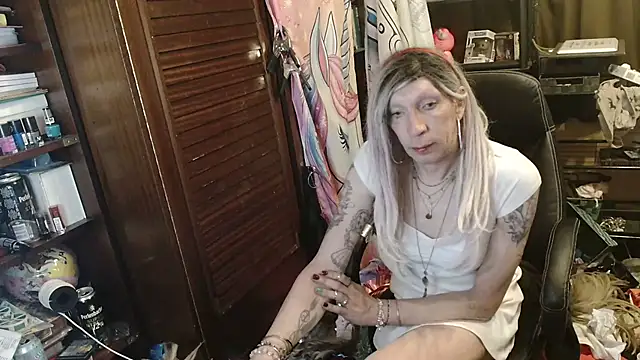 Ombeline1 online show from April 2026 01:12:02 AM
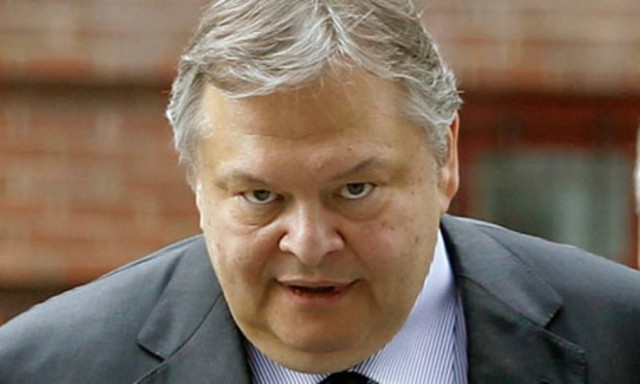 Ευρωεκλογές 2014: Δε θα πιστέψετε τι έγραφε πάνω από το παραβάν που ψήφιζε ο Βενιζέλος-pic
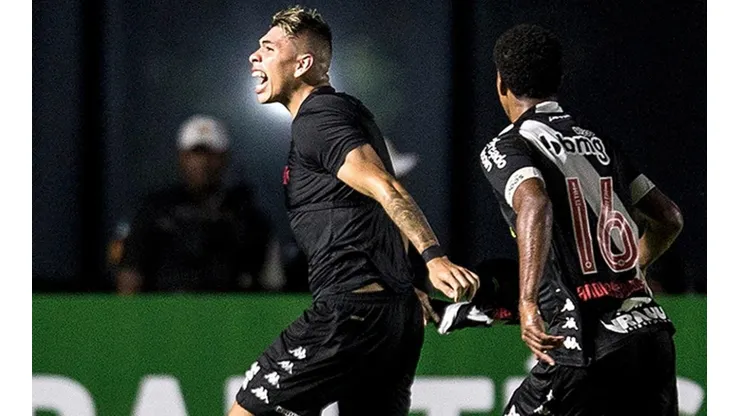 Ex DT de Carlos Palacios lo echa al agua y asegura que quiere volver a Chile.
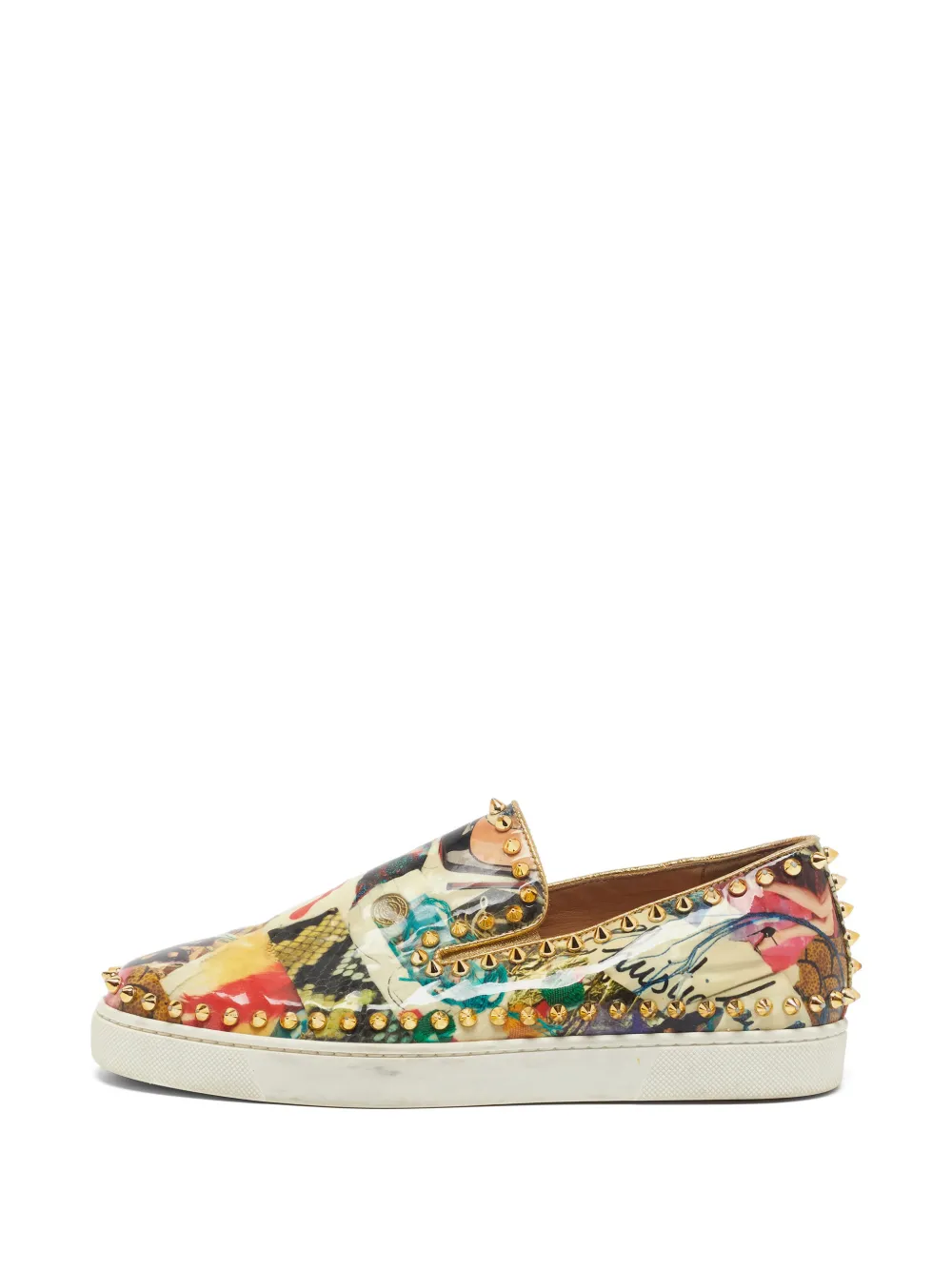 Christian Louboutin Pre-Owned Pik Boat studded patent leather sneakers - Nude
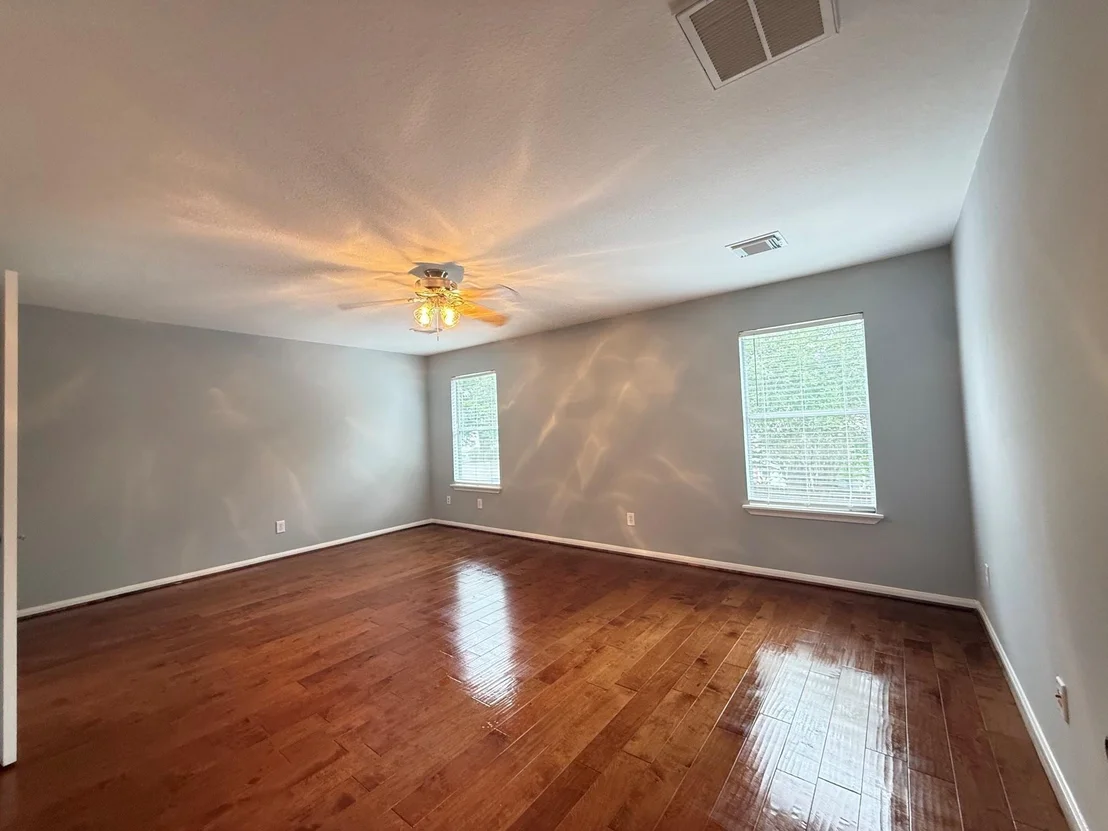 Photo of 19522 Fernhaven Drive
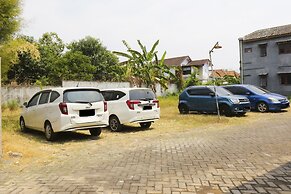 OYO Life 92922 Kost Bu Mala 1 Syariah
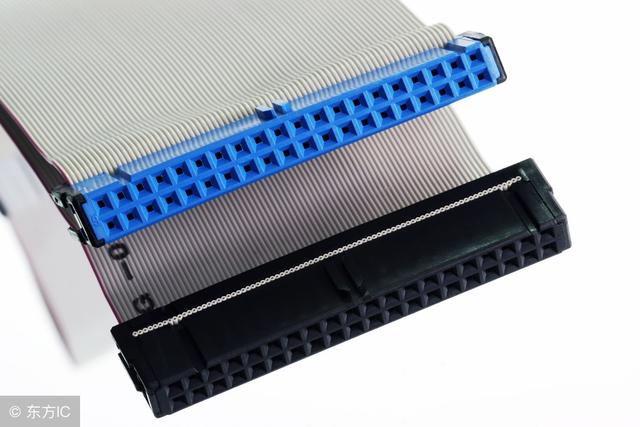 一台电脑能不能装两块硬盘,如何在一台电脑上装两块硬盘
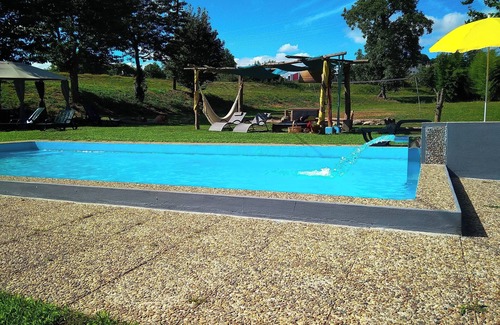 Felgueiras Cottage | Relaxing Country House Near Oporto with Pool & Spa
-=-=-
_AIM OF THE EXERCISE_:
What is needed is a word-for-word copy of the lines from the one containing "Photo of 19522 Fernhaven Drive" through the final line of the records above, both included, with the pictures left out.

_FINISHED EXERCISE_:
 Photo of 19522 Fernhaven Drive
 OYO Life 92922 Kost Bu Mala 1 Syariah
 一台电脑能不能装两块硬盘,如何在一台电脑上装两块硬盘
 Felgueiras Cottage | Relaxing Country House Near Oporto with Pool & Spa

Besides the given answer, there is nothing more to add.